## TASK BRIEF
Your output should be the entries below, from the first line up to and including the line with "Puppy Patch Dog", reproduced exactly and with no other lines.

## INPUT DATA

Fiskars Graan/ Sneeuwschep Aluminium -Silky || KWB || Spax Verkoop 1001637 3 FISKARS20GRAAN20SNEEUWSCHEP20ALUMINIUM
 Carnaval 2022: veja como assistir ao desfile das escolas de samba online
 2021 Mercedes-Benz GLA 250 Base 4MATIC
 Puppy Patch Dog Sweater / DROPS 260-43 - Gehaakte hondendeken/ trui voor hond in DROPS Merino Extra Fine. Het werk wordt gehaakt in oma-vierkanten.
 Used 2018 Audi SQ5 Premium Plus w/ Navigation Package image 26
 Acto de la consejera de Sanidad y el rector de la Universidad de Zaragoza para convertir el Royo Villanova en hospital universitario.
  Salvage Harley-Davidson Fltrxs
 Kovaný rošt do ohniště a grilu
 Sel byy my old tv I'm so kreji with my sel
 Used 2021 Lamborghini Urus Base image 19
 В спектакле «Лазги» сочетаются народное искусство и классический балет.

## SOLUTION TO THIS EXERCISE
Fiskars Graan/ Sneeuwschep Aluminium -Silky || KWB || Spax Verkoop 1001637 3 FISKARS20GRAAN20SNEEUWSCHEP20ALUMINIUM
 Carnaval 2022: veja como assistir ao desfile das escolas de samba online
 2021 Mercedes-Benz GLA 250 Base 4MATIC
 Puppy Patch Dog Sweater / DROPS 260-43 - Gehaakte hondendeken/ trui voor hond in DROPS Merino Extra Fine. Het werk wordt gehaakt in oma-vierkanten.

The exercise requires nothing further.